There are a number of strengths to using federal survey data for research, such as the ability to generalize findings at a national level or across large populations. However, a number of limitations exist, such as the cross-sectional nature of the data, weaknesses with self-reported data, and selection bias. In general, problems stem from the size of these segments relative to the total population due to the small likelihood that an adequate number will be included in the sample to study. These segments may also be less likely to particulate in federal survey research or difficult to identify when they do.

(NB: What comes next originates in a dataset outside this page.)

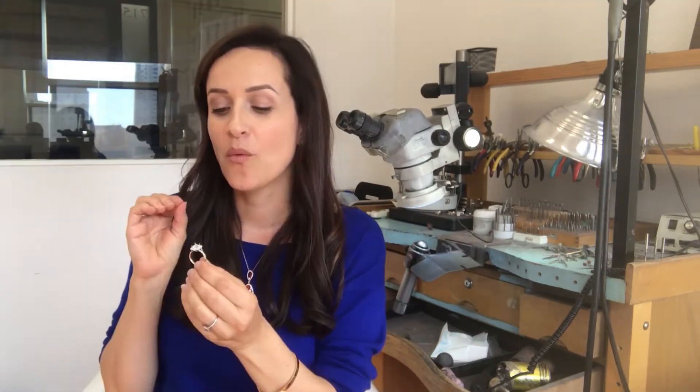Every ring is going to look sparkly and shiny right out of the jeweler's case, especially under those fancy diamond lights that they have at the jewelry stores. However, one of the ways that I allow the longevity of that sparkle to last for my clients is by polishing underneath the diamonds.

To illustrate the challenges facing research on small populations, this report focuses on four case examples:
Asian-American subpopulations. Challenges exist in obtaining adequate sample sizes to conduct analysis on Asian Americans overall, and even more for subpopulations. However, instances where subpopulation analysis has been possible reveal major differences in health. There is also a lack of consistent race/ethnicity categories used in data collection.
Lesbian, gay, bisexual, and transgender population. Many of the health issues and research challenges facing this population are related to stigma, which has caused hesitation in collecting data on LGBT status and has prevented this population from identifying themselves. In addition, there is a lack of standard definitions by which to identify this population through surveys, as questions regarding behavior, attraction, and identity all result in different responses and each have important implications for health.
Adolescents with autism spectrum disorders. While much research has concentrated on diagnosis of these disorders during childhood, little is known about health and health care during the transition to adulthood for individuals with ASDs, a time period that is critical to their future well-being. The cross-sectional nature of most surveys and inconsistency in how disability is measured among children and in adults makes it impossible to follow this population over time in most existing survey data.
Rural populations. Geographic isolation and low population density has limited both economic opportunities and access to health care services for rural populations, who face the health care needs of an aging population as well as unique environmental health issues. Variations in how to define the boundaries of rural areas (which may not always align with county -boundaries—the smallest geographic unit used in most surveys) also complicate studying this population.